It's Crypto Week. Congress Can Future-Proof the U.S. Financial System: Summer Mersinger

When Congress established the Securities and Exchange Commission in 1934, it was responding to myriad failures of an antiquated financial system. The regulatory architecture that emerged provided the foundation for nearly a century of American financial dominance. Today, Congress faces a comparable moment: the opportunity to modernize America's financial infrastructure for the digital age.

Two pieces of legislation now before lawmakers, the GENIUS Act on stablecoins and comprehensive market structure reform, represent more than incremental policy adjustments. Together, they constitute America's response to a fundamental shift in how money moves around the world.

The stakes are considerable. The $240 billion stablecoin market, projected to reach $3.7 trillion by 2030 , has emerged as critical financial infrastructure largely outside formal regulatory frameworks. Nearly all major stablecoins peg voluntarily to the dollar, creating a curious phenomenon: private companies building elaborate technology to make American currency work better globally than existing payment systems.

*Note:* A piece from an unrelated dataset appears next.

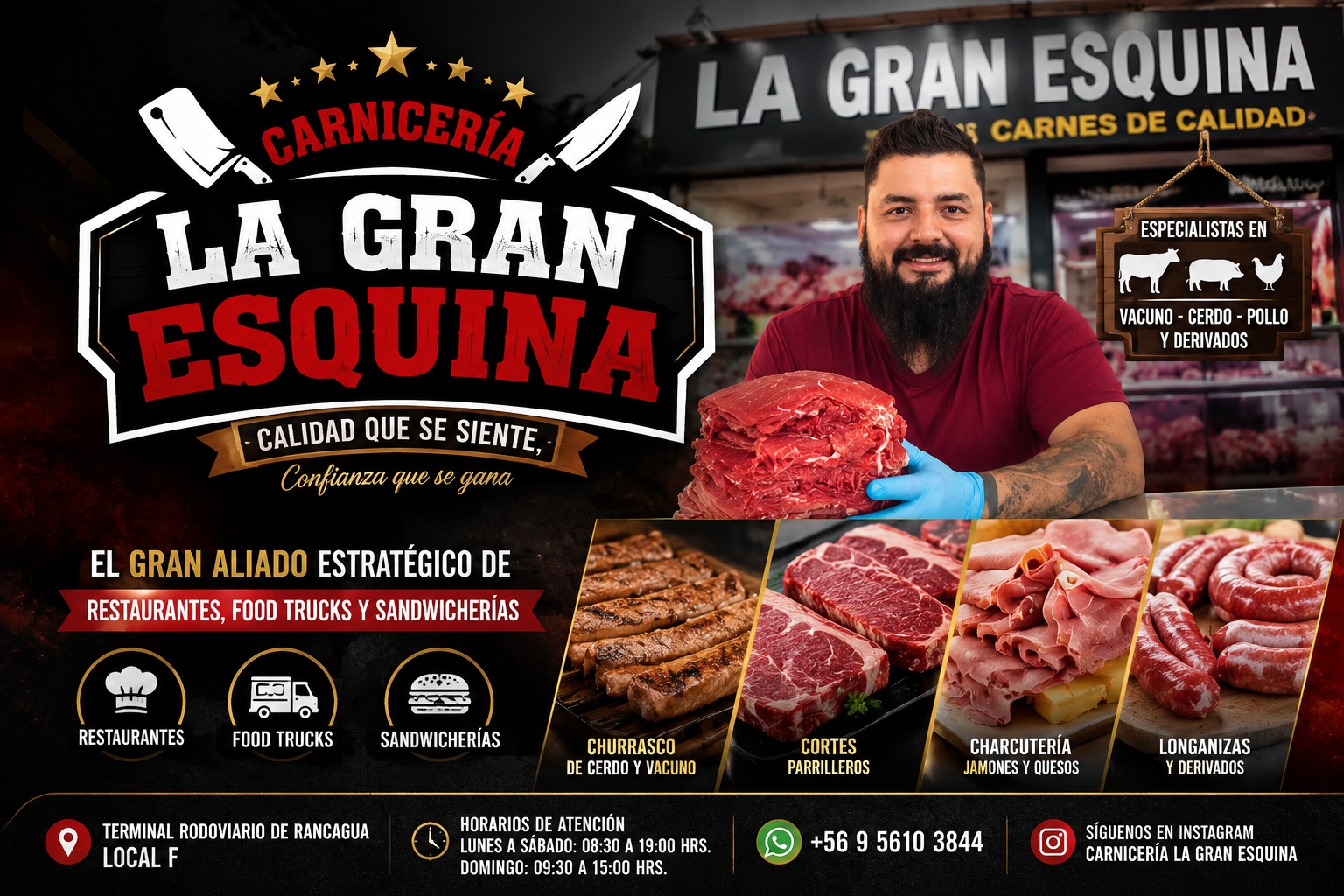 CARNICERÍA LA GRAN ESQUINA: EL GRAN ALIADO ESTRATÉGICO DE RESTAURANTES Y FOOD TRUCKS EN RANCAGUA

This development comes as America's monetary hegemony faces its most serious challenge in generations. China's digital yuan initiatives, BRICS alternative payment systems, and growing reluctance among trading partners to transact in dollars signal a coordinated effort to circumvent American financial influence.

Stablecoins offer America's most effective response . They expand dollar accessibility globally while preserving the transparency and rule-of-law advantages that make the American financial system attractive. The GENIUS Act would formalize this system, establishing reserve requirements, audit standards and consumer protections that make dollar-backed digital assets both safer and more attractive than alternatives.

Yet currency infrastructure alone cannot suffice. The current approach of applying 20th-century regulations to 21st-century technology has produced predictable results: innovation migrating to jurisdictions with clearer and more welcoming rules.

The November federal court ruling that vacated the SEC's expanded dealer definition illustrates the problem. Regulators had stretched statutory language so far beyond original intent that judicial intervention became inevitable.

Digital asset platforms integrate functions that traditional finance deliberately separates, creating new efficiencies alongside new risks. Forcing these platforms into regulatory categories designed for different business models produces neither clarity nor protection. Comprehensive market structure legislation would establish bespoke registration frameworks that actually correspond to how these businesses operate, something the crypto ecosystem has been advocating for years.